Seattle Goes Home Empty-Handed from 2025 James Beard Awards

Image: Seattle Met Composite
Dozens of chefs, restaurateurs, bakers, bartenders, and others from all over the country gathered tonight in Chicago for the James Beard Awards ceremony. Seattle already knew it stood a slim chance of making the stage: The list of nominees held only three names from Washington state. For perspective: That’s fewer than Oklahoma (five), Rhode Island (four), and our sister state to the south, Oregon (six).
Still, just like we show up at Mariners games despite whatever it is they’ve been doing for the last two to five decades, we held out hope. Unfortunately, Seattle restaurants got handed their fourth straight shutout—the last chef award came in 2019, when then-Canlis chef (now Tomo) Brady Williams won for Best Chef Northwest. (The awards were mostly on hiatus in 2020 and 2021, though Rupee Bar did snag one for design in 2020’s online mini–ceremony).
With the Outstanding Hospitality category going to New York’s Atomix and Best New Restaurant to Minneapolis’s Bûcheron, Seattle’s two nominated restaurants in those categories—Archipelago and Seattle Met 2024 Restaurant of the Year, Atoma, respectively—missed their chances at a medal.
New York did well in general, winning two more of the biggest awards with Outstanding Restaurateur (Lee Hanson and Riad Nasr of Frenchette, Le Veau d'Or, and Le Rock) and Outstanding Chef (Jungsik Yim of Jungsik).
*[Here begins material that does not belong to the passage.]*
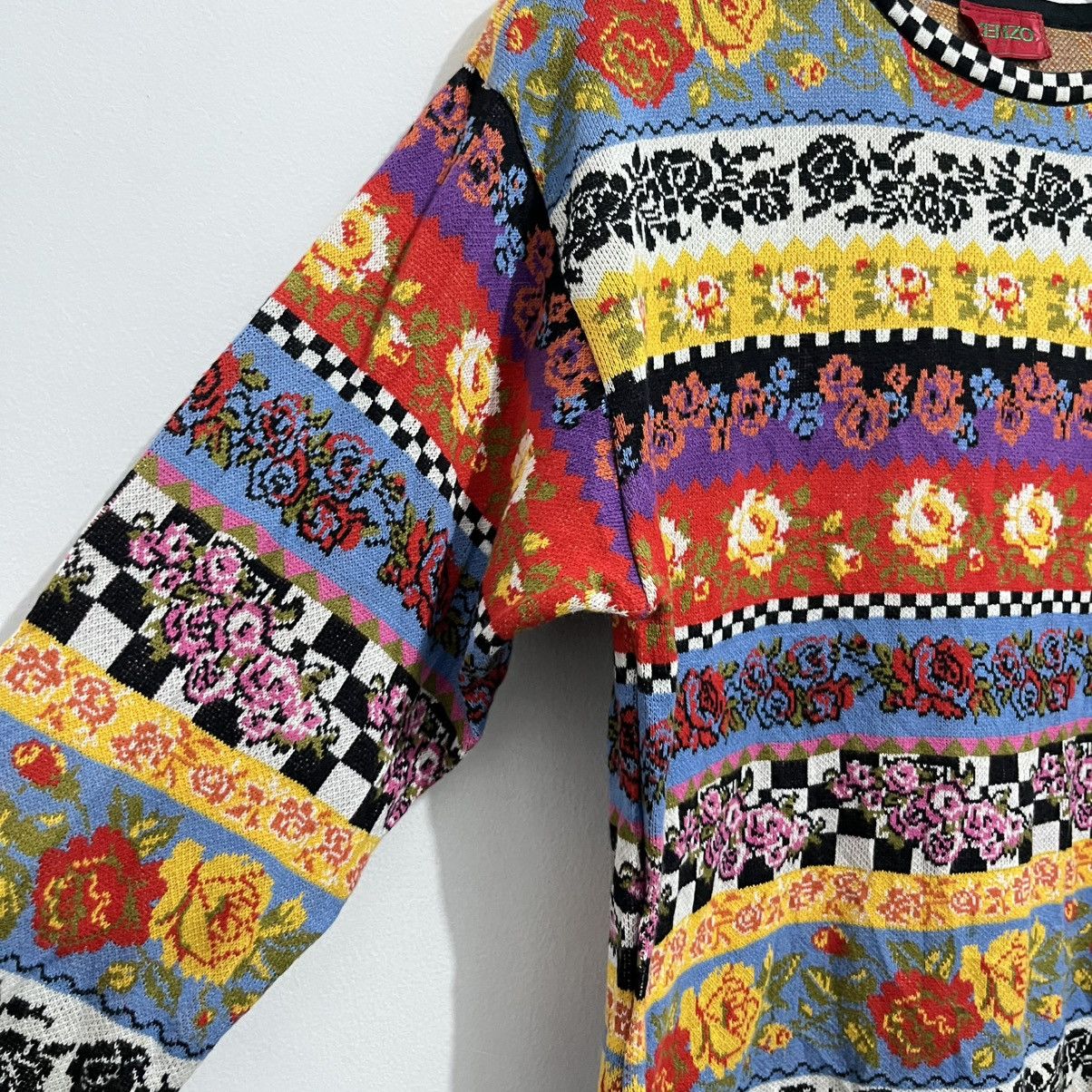 Kenzo Kenzo Vintage Floral Stripe Knit Sweater Size L / US 10 / IT 46 - 5 Thumbnail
The Outstanding Restaurant category finally tilted things westward with the final award of the night going to Boulder, Colorado’s Frasca Food and Wine.
Jay Blackinton, the pride of Orcas Island with his restaurant Houlme, was a finalist in the Best Chef Northwest and Pacific category and the third of Washington’s trio of nominees. He lost out to Timothy Wastell, the chef at Antica Terra, a winery in Amity, Oregon. The winery’s “A Very Nice Lunch” is featured in Seattle Met’s current summer issue, all about wine travel—coming soon online. An amuse-bouche to get you hungry for more:
These lunches are designed for lounging, for long, slow afternoons sipping wines and eating foods that precisely capture the terroir and ethos of Oregon, notably casual and free from any snobbery or expectations on the diners. Chef Tim Wastell dabs Hokkaido scallops with local wasabi and stuffs diced Oregon albacore inside lemon balm leaves. Osetra caviar and Alaskan spot prawns share the menu with housemade prosciutto draped over the freshest summer stone fruit.
Even if we can’t have nice things (or, more accurately, they can’t get national awards), at least our neighbors to the south made out well—in addition to Wastell at Antica Terra, Portland's JinJu Patisserie took home the national award in the Outstanding Bakery category.